BFO PDF Library 2.24.2 - what's new?

BFO PDF Library 2.24.2

We haven't done a "new feature summary" of our PDF Library since 2.24, released late last year. So here's a bit more detail on what we've added in the last six months.

ToUnicode improvements

Each font embedded in a PDF can have a ToUnicode map embedded with it. This gives a canonical mapping from the codes embedded in the document to a Unicode value, required for text extraction. We've always embedded a ToUnicode map with each font, but in 2.24.2 we've rewritten this process with some improvements:

  1. The ToUnicode map now contains only the glyphs that have been used. For very large fonts this can be quite a space saving
  2. We've fixed some bugs when the characters used extend beyond the Unicode BMP.
  3. The ToUnicode map reflects any OpenType substitutions made during layout.

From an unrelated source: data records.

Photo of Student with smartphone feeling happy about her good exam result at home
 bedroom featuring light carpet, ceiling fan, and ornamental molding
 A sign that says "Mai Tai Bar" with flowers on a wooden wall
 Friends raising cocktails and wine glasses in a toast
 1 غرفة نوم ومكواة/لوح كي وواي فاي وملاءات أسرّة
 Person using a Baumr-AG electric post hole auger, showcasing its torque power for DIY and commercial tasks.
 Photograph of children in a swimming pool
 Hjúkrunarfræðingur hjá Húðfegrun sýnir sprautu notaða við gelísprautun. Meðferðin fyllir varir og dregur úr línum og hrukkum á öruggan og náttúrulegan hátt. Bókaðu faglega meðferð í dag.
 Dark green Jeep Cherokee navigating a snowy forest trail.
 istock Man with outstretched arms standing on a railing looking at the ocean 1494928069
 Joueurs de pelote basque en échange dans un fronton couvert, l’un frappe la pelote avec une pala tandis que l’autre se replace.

This latter point is what we want to explain. Say, for example, you're using a font that has GSUB table for advanced opentype layout, you've turned on the "liga" feature, and you want to add the word "difficult" to your PDF. The ligature feature combines the "f" and "i" glyphs into a single "fi" ligature, which is written to the PDF.

Prior to 2.24.1, this would have worked perfectly if the font also used the legacy U+FB01 character to map to the same glyph. But many ligatures don't have this sort of legacy mapping, and those that do are not always included in fonts. Although we always write the "ActualText" fallback in this case, we find this can confuse text-selection in Acrobat - it works, but the selecton area looks wrong. So it's not an ideal solution.

From 2.24.1, we'll detect OpenType substitutions and automatically derive a mapping for the resulting glyphs to add to the ToUnicode map. This means that selecting text in Acrobat should work properly for even the wildest OpenType substitutions. And where we can't do this unambiguously, we'll still fall back to writing the "ActualText" value, ensuring the text can be extracted or read with a screen reader.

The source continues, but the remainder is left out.